How can I get the $ \frac{\partial{\mathbb{G}}}{\partial{W}}$ when $W$ is a matrix?
As I mentioned in the comment, the Gâteaux-Derivative works pretty well for this.
I will show this for the first part $G(W)=\operatorname{tr}(WW^\top)$.
It is with a direction $δW$ and an increment $ε>0$: \begin{align*} \operatorname{tr}((W+εδW)(W+εδW)^\top &= \operatorname{tr}(WW^\top + εδWW^\top + εWδW^\top + ε^2δWδW^\top) \\ &=\operatorname{tr}(WW^\top) + ε\operatorname{tr}(δWW^\top) + ε\operatorname{tr}(WδW^\top) + ε^2\operatorname{tr}(δWδW^\top) \end{align*}
Hence we have: $$G(W+δW)-G(W) = ε\operatorname{tr}(δWW^\top) + ε\operatorname{tr}(WδW^\top) + ε^2\operatorname{tr}(δWδW^\top)$$
and $$\frac{G(W+δW)-G(W)}{ε} = \operatorname{tr}(δWW^\top) + \operatorname{tr}(WδW^\top) + ε\operatorname{tr}(δWδW^\top)$$
and with $ε→0$ it follows: $$\lim_{ε→0}\frac{G(W+δW)-G(W)}{ε} = \operatorname{tr}(δWW^\top) + \operatorname{tr}(WδW^\top) = 2\operatorname{tr}(WδW^\top) =: D(G,δW)$$
Now we know the directional derivative $D(W,δW)$ with respect to an arbitrary matrix $δW$.

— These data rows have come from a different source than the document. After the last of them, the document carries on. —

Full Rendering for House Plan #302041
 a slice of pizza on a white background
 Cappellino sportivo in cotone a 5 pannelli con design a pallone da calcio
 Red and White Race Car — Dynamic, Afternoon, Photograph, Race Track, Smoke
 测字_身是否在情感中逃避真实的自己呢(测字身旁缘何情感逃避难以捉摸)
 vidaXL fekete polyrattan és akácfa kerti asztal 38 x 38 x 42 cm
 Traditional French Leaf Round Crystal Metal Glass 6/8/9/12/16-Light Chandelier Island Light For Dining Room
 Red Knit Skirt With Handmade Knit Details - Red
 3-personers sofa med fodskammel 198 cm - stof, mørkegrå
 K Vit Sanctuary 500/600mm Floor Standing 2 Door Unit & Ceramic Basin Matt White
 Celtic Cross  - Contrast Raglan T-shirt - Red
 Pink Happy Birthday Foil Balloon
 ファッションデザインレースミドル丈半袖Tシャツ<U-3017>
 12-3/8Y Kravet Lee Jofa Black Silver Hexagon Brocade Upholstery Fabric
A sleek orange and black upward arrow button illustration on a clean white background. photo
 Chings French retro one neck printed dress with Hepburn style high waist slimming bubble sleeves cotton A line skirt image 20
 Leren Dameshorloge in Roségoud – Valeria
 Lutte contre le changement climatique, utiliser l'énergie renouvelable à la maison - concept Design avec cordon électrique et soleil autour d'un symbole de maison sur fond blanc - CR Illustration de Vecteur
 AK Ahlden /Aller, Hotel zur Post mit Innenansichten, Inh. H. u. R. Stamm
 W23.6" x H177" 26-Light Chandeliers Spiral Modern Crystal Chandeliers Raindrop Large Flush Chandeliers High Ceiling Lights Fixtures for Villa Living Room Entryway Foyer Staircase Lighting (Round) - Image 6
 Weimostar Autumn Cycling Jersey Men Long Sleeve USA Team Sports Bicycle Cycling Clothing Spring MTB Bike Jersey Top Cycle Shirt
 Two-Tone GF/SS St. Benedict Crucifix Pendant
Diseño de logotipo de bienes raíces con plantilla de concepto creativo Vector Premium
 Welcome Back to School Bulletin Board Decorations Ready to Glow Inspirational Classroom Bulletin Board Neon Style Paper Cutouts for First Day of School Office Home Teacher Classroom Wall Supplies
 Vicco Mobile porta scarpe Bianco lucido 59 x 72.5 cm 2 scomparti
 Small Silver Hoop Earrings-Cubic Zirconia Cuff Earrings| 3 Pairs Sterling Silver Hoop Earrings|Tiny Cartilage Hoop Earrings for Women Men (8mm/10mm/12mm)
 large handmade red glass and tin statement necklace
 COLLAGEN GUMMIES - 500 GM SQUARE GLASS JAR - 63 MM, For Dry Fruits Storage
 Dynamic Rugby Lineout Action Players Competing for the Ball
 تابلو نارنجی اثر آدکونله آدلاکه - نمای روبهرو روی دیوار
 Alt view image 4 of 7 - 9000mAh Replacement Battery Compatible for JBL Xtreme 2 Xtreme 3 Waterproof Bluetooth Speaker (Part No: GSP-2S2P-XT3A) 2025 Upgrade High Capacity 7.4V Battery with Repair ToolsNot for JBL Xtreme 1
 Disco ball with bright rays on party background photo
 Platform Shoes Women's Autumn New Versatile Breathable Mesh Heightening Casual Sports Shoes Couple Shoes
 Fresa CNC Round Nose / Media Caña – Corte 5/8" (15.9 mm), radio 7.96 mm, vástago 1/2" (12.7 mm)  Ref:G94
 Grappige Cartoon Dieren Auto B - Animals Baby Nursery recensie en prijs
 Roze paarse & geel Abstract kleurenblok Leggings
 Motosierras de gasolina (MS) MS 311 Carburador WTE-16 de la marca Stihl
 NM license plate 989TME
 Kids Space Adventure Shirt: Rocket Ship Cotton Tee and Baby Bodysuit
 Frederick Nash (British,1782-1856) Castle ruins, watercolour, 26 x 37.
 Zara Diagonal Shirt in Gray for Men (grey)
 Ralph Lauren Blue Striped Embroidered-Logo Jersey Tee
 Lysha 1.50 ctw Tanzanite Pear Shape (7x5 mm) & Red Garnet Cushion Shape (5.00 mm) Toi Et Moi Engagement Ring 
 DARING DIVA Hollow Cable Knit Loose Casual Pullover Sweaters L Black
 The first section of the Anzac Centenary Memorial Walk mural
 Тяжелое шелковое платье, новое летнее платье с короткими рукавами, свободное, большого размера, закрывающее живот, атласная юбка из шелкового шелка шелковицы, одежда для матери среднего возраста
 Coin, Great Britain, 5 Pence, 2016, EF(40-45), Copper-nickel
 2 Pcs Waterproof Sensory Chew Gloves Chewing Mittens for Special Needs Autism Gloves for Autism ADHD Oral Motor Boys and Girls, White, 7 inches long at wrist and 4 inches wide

The derivative is defined as: $$\frac{∂G}{∂W} = \pmatrix{\frac{∂G}{∂W_{11}} & \frac{∂G}{∂W_{12}} & … & \frac{∂G}{∂W_{1n}}\\\frac{∂G}{∂W_{21}} & \frac{∂G}{∂W_{22}} & … & \frac{∂G}{∂W_{2n}} \\ \vdots & \vdots & \ddots & \vdots \\ \frac{∂G}{∂W_{m1}} & \frac{∂G}{∂W_{m2}} & … & \frac{∂G}{∂W_{mn}} }$$
with $\frac{∂G}{∂W_{ij}}:=D(G,E_{ij})$, and $E_{ij}$ defined by $[E_{ij}]_{ij}=1$, and 0 everywhere else (canonical basis). This follows the same construction we already know for the gradient of a function. In the same way as $\frac{∂f}{∂x_1}$ is the derivative of $f$ in direction $e_1$, $\frac{∂G}{∂W_{34}}$ is the derivative of $G$ in direction $E_{34}$.
If we plug in $δW=E_{ij}$ we get: $$W^\top E_{ij} = (0|…|0|\underbrace{W^\top_i}_{j}|0|…|0),$$ that has the $i$-th column of $W^\top$ in the column $j$.
Hence, we get: $$D(W,E_{ij})=2\operatorname{tr}(W^\top E_{ij})=2[W^\top]_{ji}=2w_{ij}.$$
Putting everything together yields: $$\frac{∂G}{∂W} = 2W = 2WI_m$$
Can you do the rest?